Foi avistado na quinta-feira a leste de Dublin e a sudoeste da Ilha de Man, mas os serviços da marinha e de defesa aérea noruegueses, norte-americanos, franceses e britânicos observaram-no inicialmente acompanhando um navio de guerra russo, o Almirante Golovko, através do canal inglês no fim de semana passado.
O navio da marinha irlandesa, LÉ James Joyce, escoltou-o para fora da zona econômica exclusiva (ZEE) irlandesa por volta das 3h da sexta-feira, com o corpo aéreo continuando a monitorar seus movimentos enquanto se dirigia para o sul.
A sua presença levantou novas preocupações sobre a segurança da os cabos de interligação que circulam entre a Irlanda e o Reino Unido, transportando tráfego global de Internet a partir de enormes centros de dados operados por empresas de tecnologia, incluindo Google e Microsoft, que têm a sua sede na UE na Irlanda.

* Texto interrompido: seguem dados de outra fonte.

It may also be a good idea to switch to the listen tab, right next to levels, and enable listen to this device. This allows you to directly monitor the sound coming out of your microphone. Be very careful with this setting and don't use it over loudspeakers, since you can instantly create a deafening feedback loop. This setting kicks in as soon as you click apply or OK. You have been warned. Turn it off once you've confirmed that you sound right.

O avistamento do navio de inteligência russo ocorreu enquanto as forças de defesa britânicas monitoravam outros navios russos perto das águas costeiras orientais. Na quinta-feira, jatos britânicos também foram enviados para monitorar uma aeronave de reconhecimento russa voando perto do espaço aéreo do Reino Unido, disse o Ministério da Defesa.

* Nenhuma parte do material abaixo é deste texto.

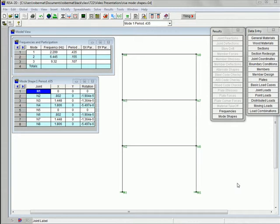Hello. In this presentation, I will be showing you how to use RISA 2D to do a response spectrum analysis. As you can see here, I have the model from last time, the shear building, that we solved several lessons ago. I've got the frequencies and periods solved, and then the mode shapes, just as we did last time. The goal with a response spectrum analysis is we want to look at how will this structure respond to an earthquake.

O navio também foi avistado na segunda e terça-feira a oeste de Cork, onde há outro conjunto de conectores entre Irlanda e França, alguns oferecendo interconexão transatlântica.

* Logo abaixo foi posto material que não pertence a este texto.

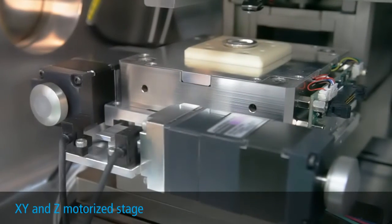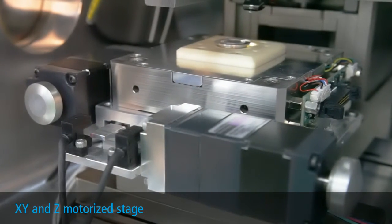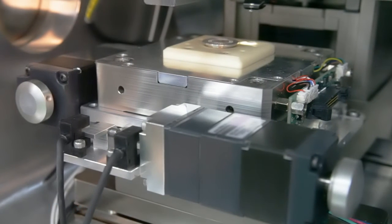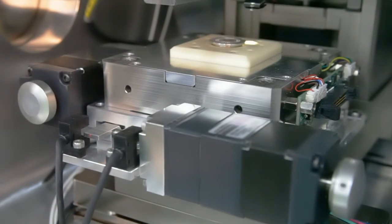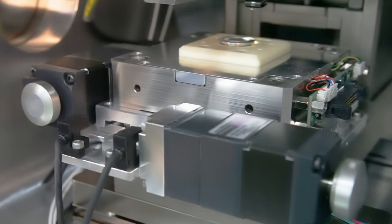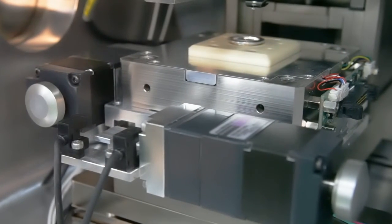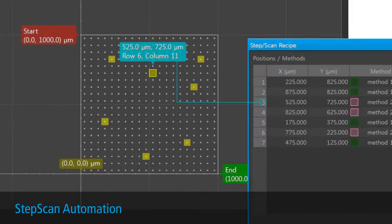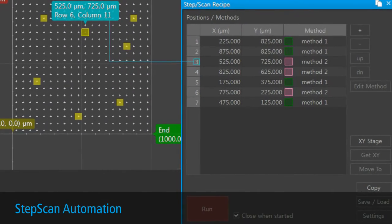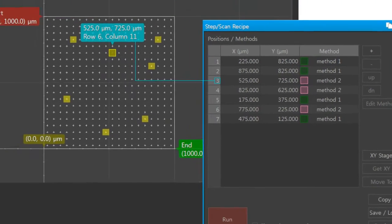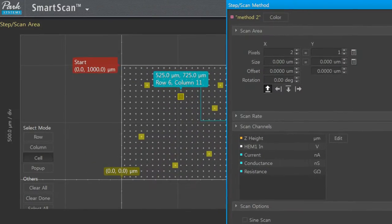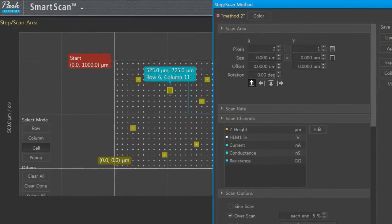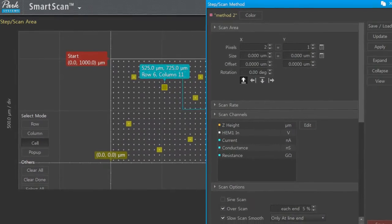Next, both the XY and Z stages are motorized. Their high-precision motors enable the user to move the sample and adjust tip approach via software without opening the chamber. Together, the motorized stages and the software step scan function enable automatic imaging of multiple samples via user-created recipes. This powerful ability allows multiple AFM images of a sample to be acquired and data to be collected, all without user supervision.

A certa altura, foi posicionado dentro da ZEE irlandesa, 5-7 km (3,1 a 4,3 milhas) a norte dos cabos que ligam a Irlanda e o Reino Unido.
Edward Burke, professor assistente de história da guerra na University College Dublin, disse ao Examiner que a situação era alarmante.
“Mais uma vez vemos a marinha russa sondando as defesas do Ocidente Europa. É mais um sinal de alerta – de que não deveríamos precisar – de que a Irlanda precisa de reforçar as suas capacidades navais e aprofundar as suas parcerias de segurança marítima na Europa”, disse ele.
Entende-se que as forças de defesa na Irlanda observaram o navio operando três drones sobre as águas irlandesas, aumentando o temor de que ele estivesse conduzindo vigilância.
As preocupações com as infra-estruturas críticas em toda a Europa foram levantadas em várias ocasiões este ano, após a alegada sabotagem do gasoduto do Báltico e dos cabos submarinos de Internet entre a Finlândia e a Estónia. Em agosto, a China admitiu que um navio com bandeira de Hong Kong danificou o oleoduto, mas disse que foi acidental.
O Yantar é oficialmente classificado como um navio auxiliar de pesquisa oceanográfica geral com capacidade de resgate subaquático. É encarregado de um braço do Ministério da Defesa russo e é separado da sua marinha.
Ele pode implantar submersíveis de mergulho profundo e foi visto operando perto da infraestrutura do fundo do mar em diversas ocasiões por analistas de inteligência de código aberto, de acordo com analistas de inteligência da Navy Lookout. Os analistas disseram que a missão do navio era “provavelmente mais uma questão de sinalização estratégica e coleta de inteligência” do que de sabotagem.
As forças de defesa irlandesas e britânicas têm trabalhado em conjunto desde que os navios entraram nas águas da costa do Reino Unido, com uma operação multinacional significativa implementada.
O Yantar viajava com Golovko e um navio-tanque, Vyazma, e ambos os navios foram monitorados durante toda a sua viagem no canal da Mancha pela RFA Tideforce e pelo HMS Iron Duke.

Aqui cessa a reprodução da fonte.